Since the 1920s, theoretical arguments about capital gains taxation have principally revolved around efforts by self-styled tax reformers to get rid of the capital gains preference. In general, the reformers have relied on a definition of income developed by Robert M. Haig and Henry Simons to press for full taxation of capital gains as ordinary income. Known as the Haig-Simons definition of income, it consists of all consumption during the course of a year plus the change in net worth.35 Thus, under Haig-Simons, even unrealized capital gains would be subject to taxation (and theoretically, unrealized losses would be deductible).36

"Under the Haig-Simons definition of income, an increase in the value of an asset would be subject to taxation even if it's not sold."

It is hard to say why the Haig-Simons definition of income achieved its status as the "official" definition universally used by economists and tax lawyers. Part of it has to do with its simplicity and part to the vigor with which some of its adherents have promoted it as the only theoretically pure definition of income. The latter would include especially economists associated with the Brookings Institution, such as Joseph A. Pechman and Richard Goode.37

The Distinction between Income and Capital. The central problem with the Haig-Simons definition of income as it relates to capital gains is that it implicitly endorses the double taxation of capital. The fact is that capital gains only arise in the case of an income-producing asset (except, obviously, in the case of collectibles). The value of the asset is simply the discounted present value of the future flow of income associated with that asset (e.g., rent in the case of real estate, interest in the case of bonds and corporate profits in the case of stocks). Thus, if the income stream (rent, interest profits/dividends) is taxed, then any additional tax on the underlying asset (real estate, bonds, stocks) must necessarily constitute a double tax on the same income.

"Decreases in the value of an unsold asset would be deductible."

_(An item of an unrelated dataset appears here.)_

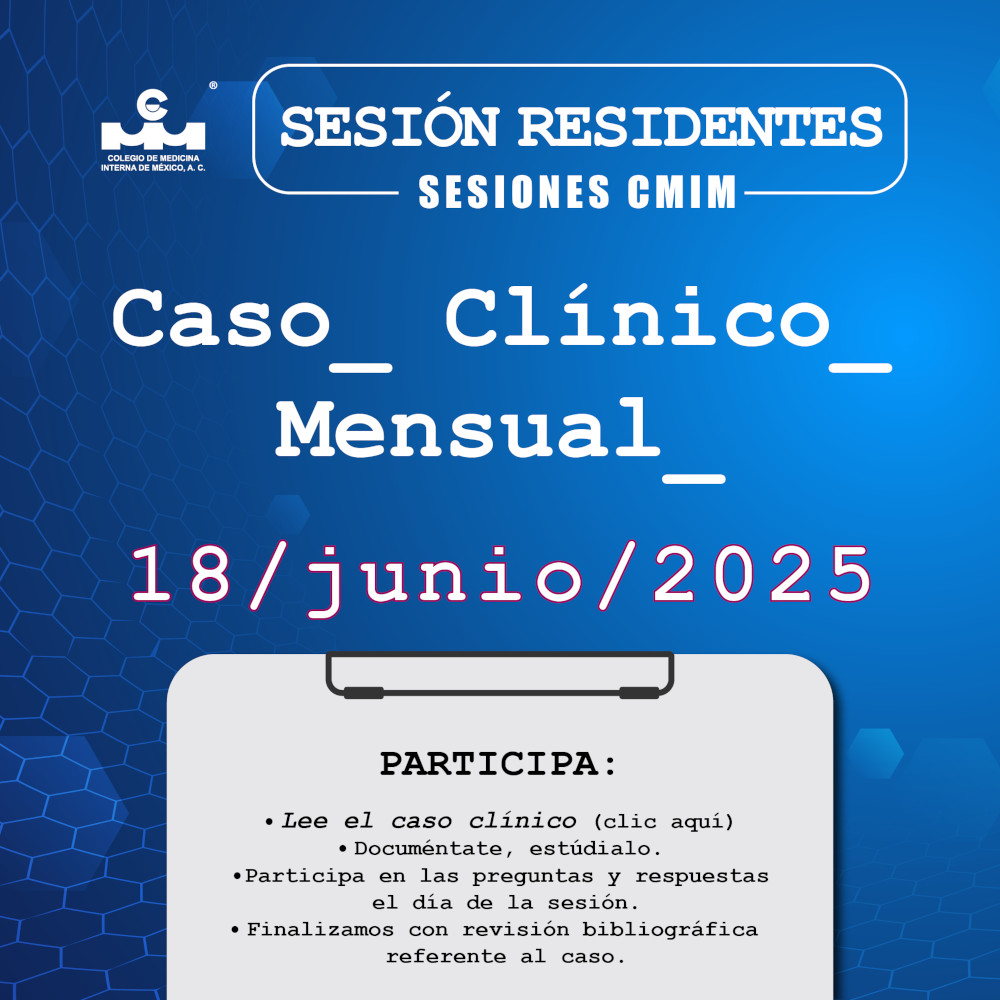 CMIM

Of course, asset values rise and fall all the time with no change in income. But permanent changes only come about because of a permanent increase in income flows. As the great economist E.R.A. Seligman put it, "Capital is a capitalization not simply of present or actual income but of the present worth of all future anticipated incomes. There can be no permanent change in the value of the capital unless there is at least an anticipated change in future income."38 More recent analyses confirm Seligman's characterization. As Richard Kopcke of the Federal Reserve Bank of Boston recently wrote in the bank's economic journal:

According to common financial theories, an asset's price depends on its prospective income. In applying this description of asset prices, this article concludes that capital gains are not necessarily a proper element of taxable income separate from ordinary income, because these gains (or losses) reflect changes in the prospective income offered by assets. When this income is itself taxed fully, the asset's price, and any changes in its price, tend to reflect the tax burden on this income. In these circumstances, a capital gains tax imposes an additional levy beyond that on ordinary income, which effectively imposes a relatively high tax rate on any changes in an asset's earnings. Consequently, a levy on capital gains is a poor substitute for an income tax. Only changes in an asset's earnings generate taxable capital gains; the initial earnings would remain untaxed.39

"If the income stream of an asset is taxed, any additional tax on the asset is a double tax."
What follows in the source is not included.